When it comes to menu planning for children, the most important factor is that it meets their nutritional needs. Carefully planning the foods you serve for breakfast, lunch, dinner, and snacks from day to day and from week to week can ensure a variety of healthy, nutritious and tasty meal options that the children at your center are looking forward to eating. Menu planning also allows balanced and nutritionally appropriate meals to be served to the children in your center. From a management perspective, using standardized recipes can help control food and labor costs, inventory and purchases.
Child care centers that provide meals and snacks through the Child and Adult Care Food Program (CACFP) play a critical role in supporting children's well-being, health, and development by providing them with nutritious food and beverages. All menus should incorporate a variety of nutritious foods in portions that meet the CACFP requirements for children in every age group. Cycle menus are a great way to ensure variety in meals. These menus usually last three to five weeks, although they can be for any period of time.

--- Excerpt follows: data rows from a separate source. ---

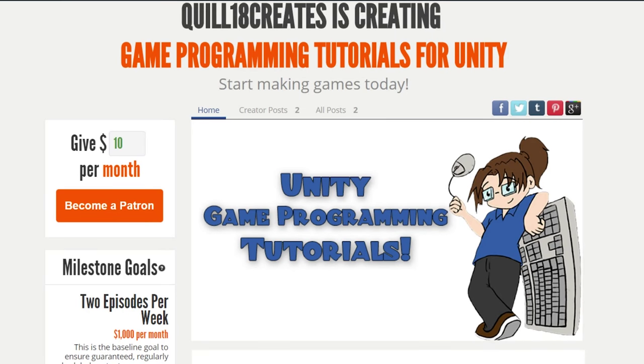Hey, thanks for watching, and thank you everyone who supports this channel via Patreon funding. You make it so that I'm able to dedicate more time towards creating more content for this channel and to continue our game programming tutorials. If you want to help support the channel, please go over to patreon.com/quill18creates and support us today. Thank you very much.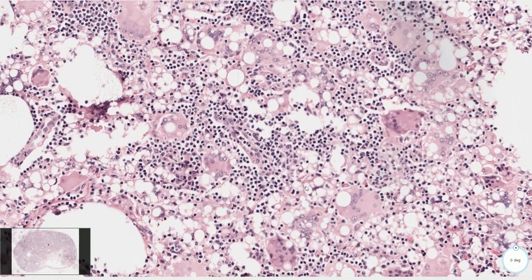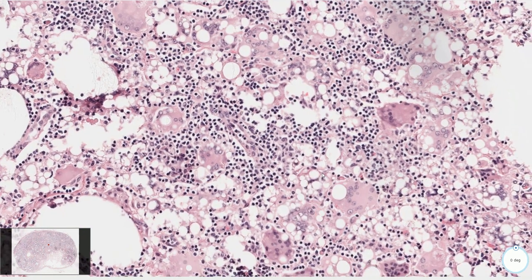Let's take a look at this cell. When these vacuoles are located inside the cytoplasm, they can even cause indentation of the nucleus, and they can mimic lipoblasts.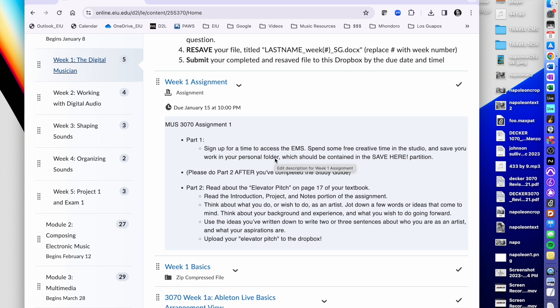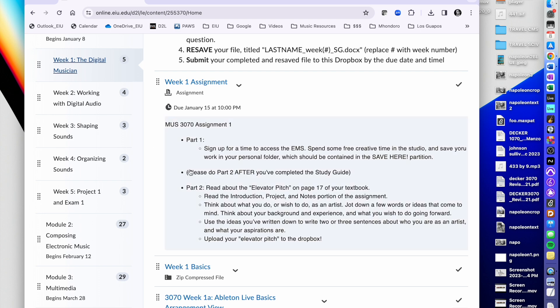This first week's assignment has two parts. The first part is essentially just to access the EMS as you've done in the past — sign up for a time, swipe in, get things running, turn things on, make some sounds, and get creative. There's really no other directive than that for the creative portion this week. But please do make a point to get into the studio on a regular basis and make that a part of your weekly practice. Don't blow off that weekly practice — it's like training on an instrument; you have to regularly engage with the studio.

Using cycle menus can have a positive impact on the nutritional quality of meals, in addition to offering simplified aspects of budgeting and preparing food service. As an expert in menu planning, I recommend taking advantage of the many recipe resources available to child care food service staff that comply with the CACFP, have been tested on children, are affordable, and yet offer a variety of flavors, textures and colors. Because standardized recipes are always prepared the same way, using them can reduce food and labor costs. The National Institute of Food Service Management has published a reference guide for planning cyclical menus that you may want to download.
For example, according to the CACFP infant eating patterns, an example of a reimbursable breakfast should include foods containing milk, fruits and vegetables and cereals, served in the portions indicated for each age group. Additionally, lunch should include grains or breads, proteins such as meat or beans, vegetables or fruits, and dairy products. Snacks should include two components from two different food groups such as grains or breads with dairy products or fruits with proteins.